O Deserto Salvador Dali
créditos: João Pedro Augusto
Altiplano
créditos: João Pedro Augusto

*

Descemos da carrinha numa rua perpendicular à famosa Calle Caracoles. Descemos, também, de altitude e a temperatura acompanhou inversamente a tendência. Estava um calor abrasador. Para San Pedro de Atacama estávamos demasiado vestidos. O sol queimava as pernas despidas e os ombros a descoberto daqueles com quem nos cruzávamos. Não fossem os quase 200 km que nos separavam do mar, teria imaginado uma procissão religiosamente organizada até à praia.

A Calle Caracoles é o ponto de encontro de todas as pessoas, de todas as atividades, de todos os momentos. Acimentado numa terra batida de tez clara, o chão confunde-se com as casas que o ladeiam à esquerda e à direita. Os restaurantes intercalam-se com empresas de turismo de natureza. Depois um bar, uma gelataria, um músico que toca sozinho, uma banca de minerais, uma oficina de bicicletas. Todas as lojas parecem, à primeira vista, pequenas, mas muitas escondem pátio internos a céu aberto. Pequenas ruelas projetam-se adjacentes à calle mãe e escondem outras tantas oficinas, cafés, parques. Em poucos minutos já nós tínhamos deixado o centro turístico e encontrado o nosso hostel numa rua inclinada, depois de um parque infantil que conhecemos sempre vazio. O hostel, familiar, incluía duas cadelas responsáveis pela receção - uma delas cega, que deveríamos chamar suavemente para que não nos confundisse com intrusos. Sentimo-nos em casa ao abrir a porta do quarto e, como dois irmãos, discutimos pela posse da cama maior. Recorrendo a argumentos inquestionáveis, convenci o João a abdicar da cama mais pequena em meu favor. Desta vez, era dele a cama maior - ou assim julguei.

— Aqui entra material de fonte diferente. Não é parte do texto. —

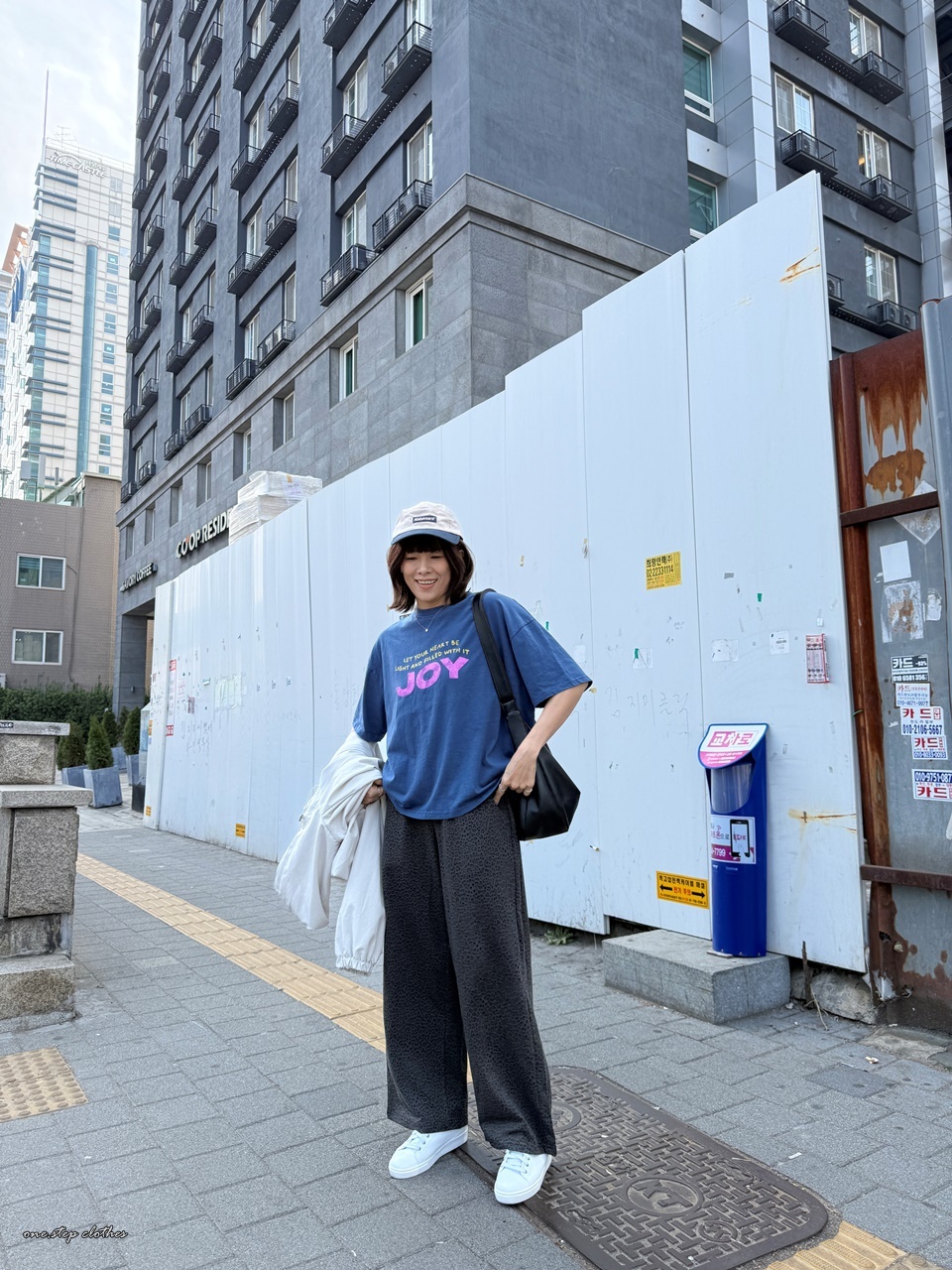 正韓桃粉JOY字母水洗T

Lá fora o calor abrandara, o ar estava mais respirável e nós não resistimos. Calçámos as sapatilhas, enchemos o peito de ar e partimos em corrida. Os pés cansados levantavam a poeira à força. Os joelhos fletiam teimosos. Os braços balançavam lateralmente, à pressa. Sem mapa, acrescentámos quilómetros aos corpos cheios de adrenalina e vimos o dia encerrar-se num pôr do sol amarelo desértico. Senti a viagem a caminhar para o fim, como aquela tarde. Restavam-nos, ainda, alguns dias, mas as saudades entranhavam-se já pele adentro e percorriam-me as veias levando tudo ao coração. Depois de jantarmos num pequeno restaurante que separava vegetarianos de omnívoros, caminhámos de braço dado pela rua, planeando o dia seguinte. Na Caracoles que adormecia aos poucos, um bar deixava escapar a música porta fora. A uns passos daí, numa pista improvisada à luz das estrelas, peguei na mão do João e levei-o a dançar.